Programmatically trigger content of a node in the search index

George Tselios asked on February 4, 2020 16:44

Dear Sirs,

The portal that we are currently developing (using Kentico v12.0.51 MVC) has several pages that are designed to display content that is not directly stored in the actual page’s fields but is stored in the page’s descendant nodes. (We call these content only nodes as strips). In this way we may control the layout and the content of a page in a more flexible and dynamic manner.

The portal also provides a full text search feature that we have implemented using the Smart Search and, in more detail, local search indexes of “Pages” index type. We have enabled the search only for the page types of the actual pages and not the strips.

In order to additionally index the content that is stored in the strips we have developed a custom module and created an event handler for the DocumentEvents.GetContent.Execute event. Each time the event is triggered, depending on the node’s ClassName, we load its descendant nodes, get the content and add it to the content of the node in the index. In this way when we search for content that is stored in a strip the actual page is returned as a result which is the desired behavior.

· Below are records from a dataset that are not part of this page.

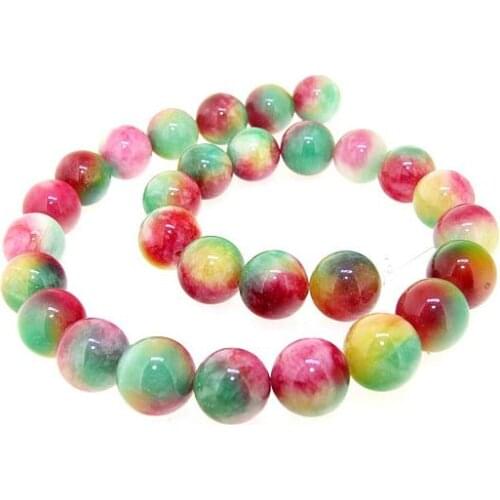Unique Pearls jewellery Store Charm Rainbow Red Yellow Green Jade 13-14mm Gemstone Loose Beads One Full Strand 15'' LC3-0289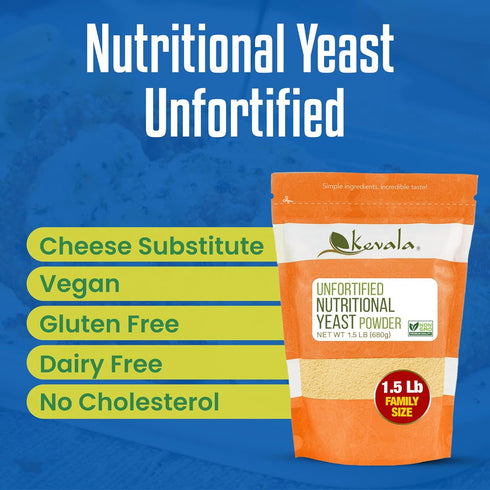 1.5 lb Kevala Nutritional Yeast - Premium Non Fortified Powder for Vegan Cooking, Product of USA, Seasoning with a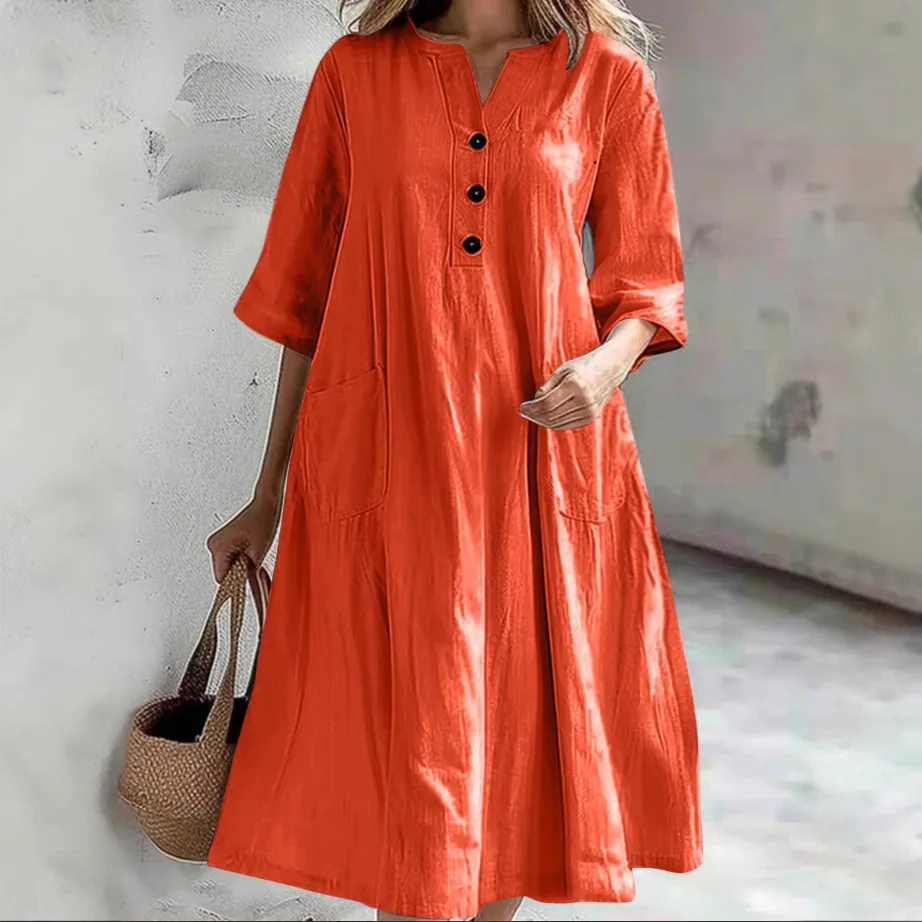 Cotton Linen Casual Beachwear Dress for Women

The problem we are now facing has to do with the update of the content of the strips. When a strip is updated in the Admin tool, the above event is not triggered in order to add the strip’s content to the parent page, so the search does not function correctly. We need to manually rebuild the index in order to update the index content correctly.

We tried to enable the search functionality for the page types of the strips, which lead to triggering the event but only for the strip node and not its ancestors as well. (I believe that this is the expected behavior).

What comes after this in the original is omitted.